Research News

Nov 22, 2022

Truly Chiral Phonons Observed in Three-Dimensional Materials for the First Time

Chirality can be true or false, depending on the symmetry changes during dynamic propagation. Crystal lattice vibrations, called phonons, can also display chirality as has been shown in some two-dimensional structures. However, truly chiral phonons have never been observed in three-dimensional systems—that is, until now. Researchers from Osaka Metropolitan University and their colleagues have identified these for the first time, in bulk cinnabar. Utilizing pseudo-angular momentum, their method can be used to identify the chirality in crystalline structures. Their findings were published in Nature Physics.

Truly chiral phonons—i.e., rotating and propagating atomic motions seen in a crystal lattice—have never been observed in a bulk 3D material. However, now, researchers have identified them in cinnabar.


Chirality is the breaking of reflection and inversion symmetries. Simply put, it is when an object’s mirror images cannot be superimposed over each other. A common example is your two hands—while mirror images of each other, they can never overlap. Chirality appears at all levels in nature and is ubiquitous. In addition to static chirality, chirality can also occur due to dynamic motion such as rotation. With this in mind, we can distinguish true and false chirality. A system is truly chiral if, when translating, space inversion does not equate to time reversal combined with a proper spatial rotation.

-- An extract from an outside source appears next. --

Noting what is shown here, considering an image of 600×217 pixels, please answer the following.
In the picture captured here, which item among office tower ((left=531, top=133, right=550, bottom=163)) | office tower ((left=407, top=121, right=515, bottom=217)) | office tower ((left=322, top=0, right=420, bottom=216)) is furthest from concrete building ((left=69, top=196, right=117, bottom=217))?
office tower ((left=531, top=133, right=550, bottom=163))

Phonons are quanta (or small packets) of energy associated with the vibration of atoms in a crystal lattice. Recently, phonons with chiral properties have been theorized and experimentally discovered in two-dimensional (2D) materials such as tungsten diselenide. The discovered chiral phonons are rotating—yet not propagating—atomic motions. But truly chiral phonons would be atomic motions that are both rotating and propagating, and these have never been observed in three-dimensional (3D) bulk systems.

Now, the research team including Professor Yoshihiko Togawa, from the Department of Physics and Electronics at Osaka Metropolitan University, and Professor Takuya Satoh, from the Department of Physics at the Tokyo Institute of Technology, has identified truly chiral phonons, both theoretically and experimentally. The team observed the chiral phonons in cinnabar (α-HgS). This was achieved using a combination of first-principles calculations and an experimental technique called circularly polarized Raman scattering. “Chiral structures can be probed using chiral techniques,” explains Professor Satoh. “So, using circularly polarized light, which has its own handedness (i.e., right-handed or left-handedness), is critical. Dynamic chiral structures can be mapped using pseudo-angular momentum (PAM). Pseudo-momentum and PAM originate from the phase factors acquired by discrete translation and rotation symmetry operations, respectively.”

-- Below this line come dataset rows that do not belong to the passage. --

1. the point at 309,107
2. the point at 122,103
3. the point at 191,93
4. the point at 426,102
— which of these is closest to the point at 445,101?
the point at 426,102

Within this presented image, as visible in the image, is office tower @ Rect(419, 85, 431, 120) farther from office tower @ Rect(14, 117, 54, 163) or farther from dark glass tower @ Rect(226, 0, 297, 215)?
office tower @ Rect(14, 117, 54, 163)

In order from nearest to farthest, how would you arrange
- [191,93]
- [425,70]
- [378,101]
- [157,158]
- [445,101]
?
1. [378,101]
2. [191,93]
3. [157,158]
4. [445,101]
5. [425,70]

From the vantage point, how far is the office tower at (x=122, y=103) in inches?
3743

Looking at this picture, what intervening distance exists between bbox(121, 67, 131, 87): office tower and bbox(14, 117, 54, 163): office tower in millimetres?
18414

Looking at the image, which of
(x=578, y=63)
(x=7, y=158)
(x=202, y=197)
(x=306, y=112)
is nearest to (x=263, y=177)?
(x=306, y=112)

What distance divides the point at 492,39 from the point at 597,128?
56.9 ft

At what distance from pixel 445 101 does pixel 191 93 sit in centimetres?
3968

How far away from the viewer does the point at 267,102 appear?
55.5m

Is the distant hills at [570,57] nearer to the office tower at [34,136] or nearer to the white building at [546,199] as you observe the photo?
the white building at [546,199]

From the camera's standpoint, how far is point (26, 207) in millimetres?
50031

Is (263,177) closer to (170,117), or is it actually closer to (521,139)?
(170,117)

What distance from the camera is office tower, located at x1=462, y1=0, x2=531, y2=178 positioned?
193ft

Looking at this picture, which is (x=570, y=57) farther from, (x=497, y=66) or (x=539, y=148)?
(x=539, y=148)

The researchers’ novel experimental approach also allowed them to probe the fundamental traits of PAM. They found that the law of the conservation of PAM—one of the key laws of physics—holds between circularly polarized photons and chiral phonons. Professor Satoh explains, “Our work also provides an optical method to identify the handedness of chiral materials using PAM. Namely, we can determine the handedness of materials with better resolution than x-ray diffraction (XRD) can achieve. Moreover, XRD requires a large-enough crystal, is invasive, and can be destructive. Circularly polarized Raman scattering, unlike XRD, allowed us to determine the chirality of structures in a non-contact and non-destructive manner.”

“This study results enable us to explore a new direction of chirality-induced phenomena,” concludes Professor Togawa. “The more we delve into the concept of chirality, the more appealing it becomes, giving us a novel perspective to deepen our scientific understanding.”

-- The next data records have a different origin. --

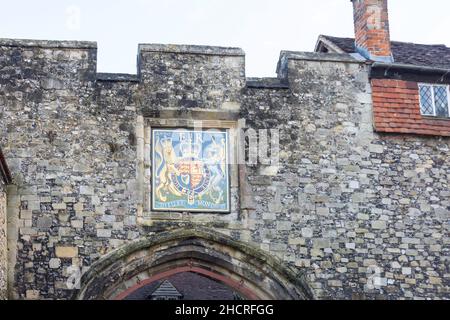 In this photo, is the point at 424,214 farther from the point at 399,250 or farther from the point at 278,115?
the point at 278,115

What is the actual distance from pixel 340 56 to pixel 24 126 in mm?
4773

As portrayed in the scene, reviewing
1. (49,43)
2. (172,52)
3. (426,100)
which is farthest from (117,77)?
(426,100)

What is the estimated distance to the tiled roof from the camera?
54.2 ft

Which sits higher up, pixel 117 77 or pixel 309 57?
pixel 309 57

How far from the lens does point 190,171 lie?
15.0m

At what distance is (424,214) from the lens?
15.3 meters

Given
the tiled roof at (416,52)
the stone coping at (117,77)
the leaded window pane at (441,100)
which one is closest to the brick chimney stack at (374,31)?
the tiled roof at (416,52)

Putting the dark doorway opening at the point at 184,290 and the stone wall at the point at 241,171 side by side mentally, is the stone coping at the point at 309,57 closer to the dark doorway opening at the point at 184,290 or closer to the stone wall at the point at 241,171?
the stone wall at the point at 241,171

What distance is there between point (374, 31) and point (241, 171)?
3198 mm

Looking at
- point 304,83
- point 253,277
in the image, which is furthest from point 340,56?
point 253,277

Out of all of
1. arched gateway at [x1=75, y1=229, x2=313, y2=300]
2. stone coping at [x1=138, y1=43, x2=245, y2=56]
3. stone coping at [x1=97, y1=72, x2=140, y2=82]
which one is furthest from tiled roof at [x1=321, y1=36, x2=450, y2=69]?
arched gateway at [x1=75, y1=229, x2=313, y2=300]

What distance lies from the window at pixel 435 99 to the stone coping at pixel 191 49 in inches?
111

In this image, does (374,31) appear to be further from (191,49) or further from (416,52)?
(191,49)

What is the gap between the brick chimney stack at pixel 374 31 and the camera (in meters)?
16.2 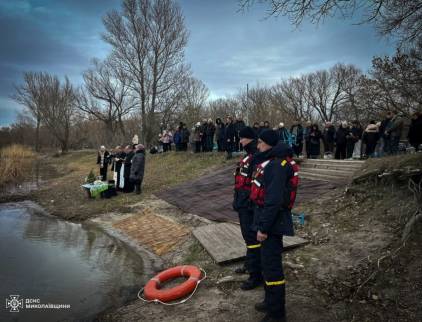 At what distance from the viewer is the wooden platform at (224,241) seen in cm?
591

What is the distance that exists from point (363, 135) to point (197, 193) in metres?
6.62

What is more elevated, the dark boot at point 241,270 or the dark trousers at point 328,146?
the dark trousers at point 328,146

This study is the first to identify truly chiral phonons in 3D materials, which are clearly distinct from chiral phonons seen previously in 2D hexagonal systems. The learnings gained here could drive new research into developing ways for transferring the PAM from photons to electron spins via propagating chiral phonons in future devices. Furthermore, this approach enables the determination of the true chirality of a crystal in an improved manner, providing a new critical tool for experimentalists and researchers.


This study was supported financially by the Japan Society for the Promotion of Science KAKENHI (grant nos. JP19H01828, JP19H05618, JP19K21854, JP21H01032, and JP22H01154) and the Frontier Photonic Sciences Project of the National Institutes of Natural Sciences (grant nos. 01212002 and 01213004).

Paper Information

Journal: Nature Physics
Title: Truly chiral phonons in α-HgS
DOI: 10.1038/s41567-022-01790-x
Author: Kyosuke Ishito, Huiling Mao, Yusuke Kousaka, Yoshihiko Togawa, Satoshi Iwasaki, Tiantian Zhang, Shuichi Murakami, Jun-ichiro Kishine, and Takuya Satoh
Publication date: October 31, 2022

Nature Physics (Nature Portfolio Webpage)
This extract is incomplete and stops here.